The next chapter focuses on how we can improve the impact of Short Term Missions (STM).  Here are the key take aways:

  • Cultures around the world exhibit contrasting view of how time operates.
  • Monochronics view time as a limited and valuable resource.
  • Polychronic cultures view time as a somewhat unlimited resource.
  • While fewer goods and services might get produced in a polychronic culture, people in such cultures often have a deeper sense of community and belonging.
  • Different cultures also differ in their understanding of the role of the individual and the group in shaping life.
  • People in individualistic cultures are taught to strive to be “all they can be” in terms of personal achievement.
  • Collectivist cultures minimize individual identity and focus on the well-being of the group.
  • It is crucial that North American STM teams move beyond ethnocentric thinking that either minimizes the cultural differences or that immediately assumes that middle-to-upper-class North American cultural norms are always superior to those of other cultures.
  • The core problem with STMs to poor communities is that the STMs tend to reflect the perspective  of “poverty as deficit”,  the idea that poverty is due to the poor lacking something.
  • Very few STM trips are done in situations in which relief is the appropriate intervention.
  • Most contexts require development – not relief or rehabilitation – in light of the cultural differences.
  • Development is a lifelong process, not a two-week product.
  • North Americans often think it is easy to develop one-on-one, deep, personal relationships simply by hanging out with an individual for a week.
  • STM teams are generally in “needs-based” mode, bringing their knowledge, skills, and material resources to poor communities in order to accomplish a task as fast as possible.
  • Paternalism rears its ugly head and we undermine local assets and increase poverties of being, community, and stewardship.
  • The individualistic cultural value of STM teams can undermine local knowledge in a collectivist context.
  • The principle of participation implies that the community, church, or organization that receives the STM team needs to be the primary entity deciding what should be done, as wall as how it should be done.
  • The presence of indigenous ministries raises some significant stewardship issues for North American STMs.  The total annual cost  to support an evangelist in Africa is around $1,600 for a year.
  • The average STM team costs about $35,000 and the trip only lasts two weeks.

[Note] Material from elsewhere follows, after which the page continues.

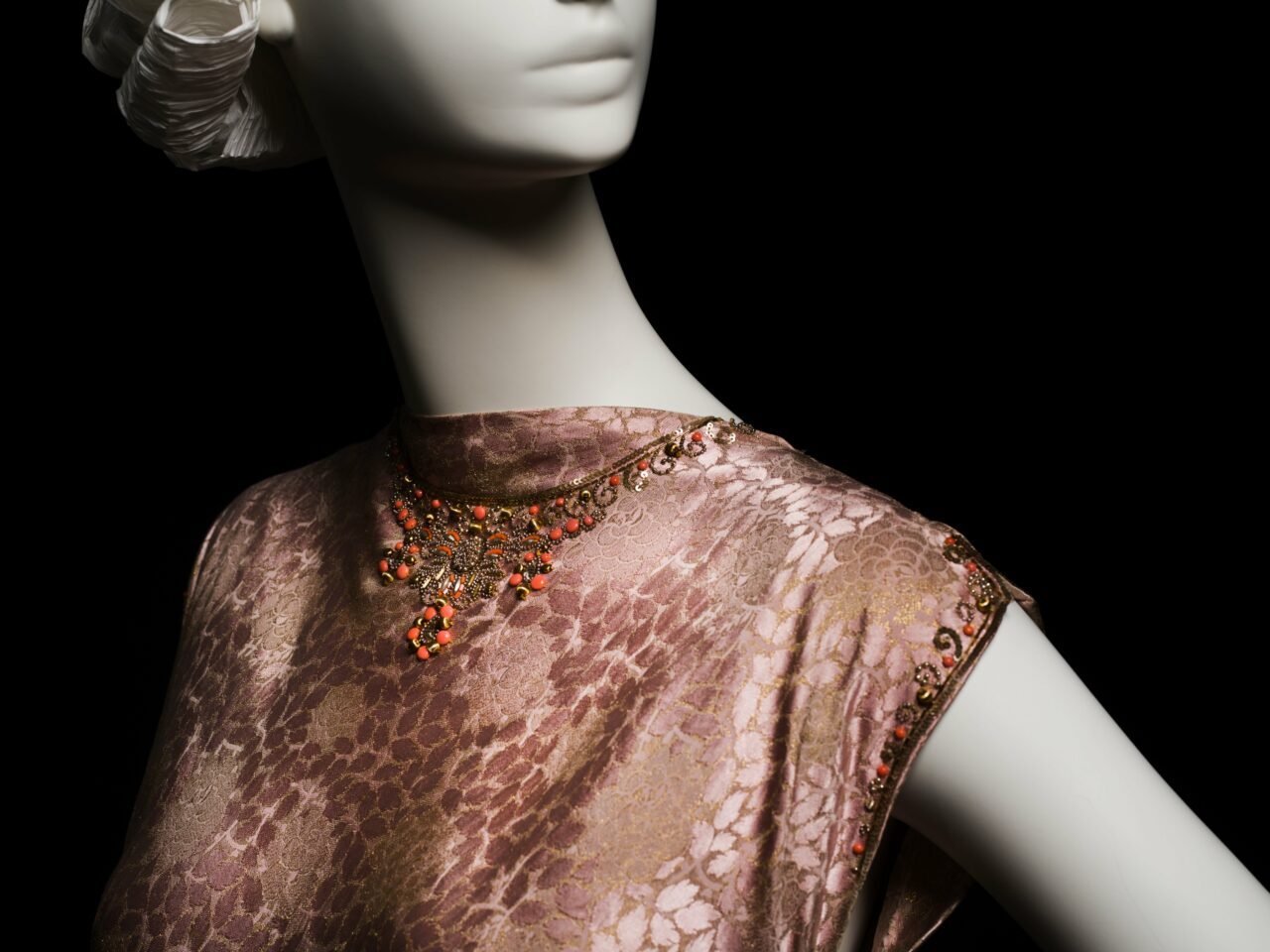 Exhibition-GAC-Making Mainbocher-dress neck detail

I tend to view things from a business perspective so I immediately as the question, “What is the best ROI?”  Those numbers are staggering!  You mean to tell me the money raised to send about 12 people to do mission work for 2 weeks could be used to fund nearly 22 indigenous evangelists for a whole year?  That’s a no-brainer!

I think it may be time for the North American church to seriously reconsider WHY we are doing STM trips and if that money could be better used by locals.